En cuanto a los aspectos formales de composición, su obra poética puede dividirse en una primera etapa marcada por versos cortos, con un estilo más liviano y condensado, que evoluciona, desde la década del 40-50 a poemas más extensos. Podríamos pensar que es en esta segunda etapa, que comienza con su viaje a China y otros países orientales, cuando encuentra la afirmación de su concepción mística del mundo en contraposición con otra conceptual o lógica. En los poemas aparecidos en El alma y las colinas de 1956 y en De las raíces y del cielo de 1958 se observa un modo de composición vinculado a una poética oriental, asociada al budismo o el taoísmo, en aras de una exploración de la subjetividad a través del espacio trascendente y divino, encontrado en la naturaleza. Los elementos naturales del paisaje son configurados en dichas obras con una visión humanizada, desde una percepción y emotividad que los entiende como portadores de alma y espíritu propios. El yo lírico busca trascender lo humano, interrogándose constantemente acerca de la sensibilidad de los elementos no humanos, en una compenetración del alma con lo cósmico. Partiendo de una compasión afectiva, humaniza los entes naturales desde diferentes perspectivas: así, en “Invierno” el viento, definido como “alma desesperada”, llora y siente, las islas gritan y vuelan, “llenando toda la noche, ay, de heridas”. Además, lo natural es definido con una musicalidad distintiva que, en palabras de Oscar del Barco, es característica de una música cósmica que fluye a través de toda su obra, en poemas “desplegados como una partitura” (330). De este modo, en “Que decís”, lo humano asciende en los ceremoniales a “oír palpitar las teclas lilas de la común savia encontrada”, cuando “la lluvia teje el mismo silencio para las frases de unos pájaros”.
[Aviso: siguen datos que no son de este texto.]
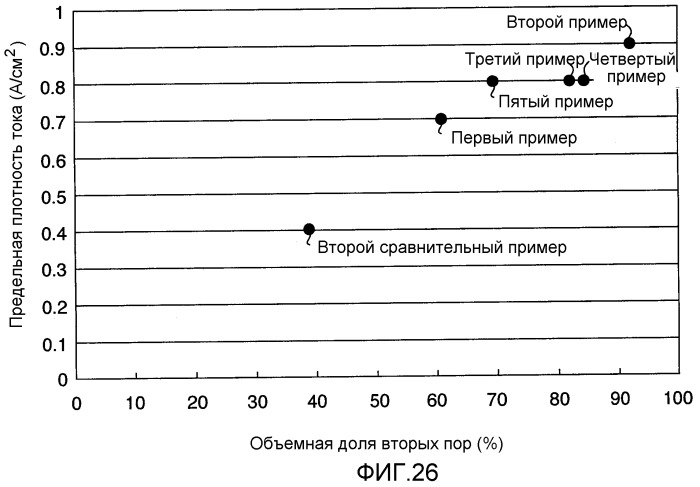 Газодиффузионный слой для топливного элемента (патент 2465692)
Ahora bien, en varias ocasiones, se avista una asociación de los elementos naturales con lo femenino, así en “Las colinas”, los cerros son personificados como “niñas”, con una presencia “inefablemente femenina”, esbozando un cuestionamiento de una nueva conciencia, que aboga por la “revolución por la delicadeza”. En este sentido, en “Si, las escamas del crepúsculo” la luz es definida como “la niña esencial”, pura y de mirada única. Asimismo, en “Quien eres tú…”, el poeta le habla a la niña hecha de “música y lágrimas”, en las colinas del silencio. Esta representación de lo natural vinculado a lo femenino se advierte en lo etérico, luminoso, angélico de una naturaleza que presenta la característica recurrente de “abismo”, intuitiva de una divinidad definida como “espíritu” que se enfoca en “lo invisible”. En “Ella” dicha configuración, constantemente reiterada, culmina en el grito de una niña o de “algo que ya no se veía”, lo innombrable, que es la luz de la que “ella” sale corriendo descalza.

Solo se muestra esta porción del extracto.